Worship With Us!
- Holy Eucharist ~~ Every Sunday ~~ 9:30 am
- Holy Eucharist & Healing ~~ The First Wednesday of Each Month ~~ 12:00 pm
Our Sunday services are available online on our youtube channel. Everyone is invited and welcome to attend.
Special worship services, such as Easter, Ash Wednesday, Christmas, and others, are also available online. To watch ongoing and past worship services and other videos, please visit our YouTube channel.
About the Episcopal Church and What to Expect
(From the Website of The Episcopal Church USA)
Sunday is traditionally when Episcopalians gather for worship. The principal weekly worship service is the Holy Eucharist, known as The Lord’s Supper, Holy Communion, or Mass. In most Episcopal churches, worship is accompanied by hymns, and in some churches, much of the service is sung.
Worship Styles
Episcopalians worship in many different styles, from formal, ancient, and multi-sensory rites with lots of singing, music, fancy clothes (vestments), and incense to informal services with contemporary music. Yet all worship in the Episcopal church is based on the Book of Common Prayer, which gives worship a familiar feel, no matter where you go.
Liturgy and Ritual
Worship in an Episcopal church is said to be “liturgical,” meaning that the congregation follows service forms and prays from texts that don’t change significantly from week to week during a season of the year. This sameness from week to week gives worship a rhythm that becomes comforting and familiar to the worshipers.

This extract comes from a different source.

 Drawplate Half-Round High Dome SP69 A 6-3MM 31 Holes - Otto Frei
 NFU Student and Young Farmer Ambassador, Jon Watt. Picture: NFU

For first-time visitors, the liturgy may be exhilarating or confusing. The services may involve standing, sitting, kneeling, sung or spoken responses, and other participatory elements that may challenge them. However, liturgical worship can be compared with a dance: once you learn the steps, you’ll appreciate the rhythm, and it becomes satisfying to dance repeatedly as the music changes.
The Holy Eucharist
Despite the diversity of worship styles in the Episcopal Church, the Holy Eucharist always has the same components and the same shape. All baptized Christians, regardless of age or denomination, are welcome to “receive communion.” Episcopalians invite all baptized people to receive, not because we take the Eucharist lightly but because we take our Baptism so seriously. Visitors who are not baptized Christians are welcome to come forward during communion to receive a blessing from the presider.
The Liturgy of the Word:
- We begin by praising God through a song and a prayer and then listen to as many as four readings from the Bible: usually one from the Old Testament, a Psalm, something from the Epistles, and (always) a reading from the Gospels. The Psalm is usually sung or recited by the congregation.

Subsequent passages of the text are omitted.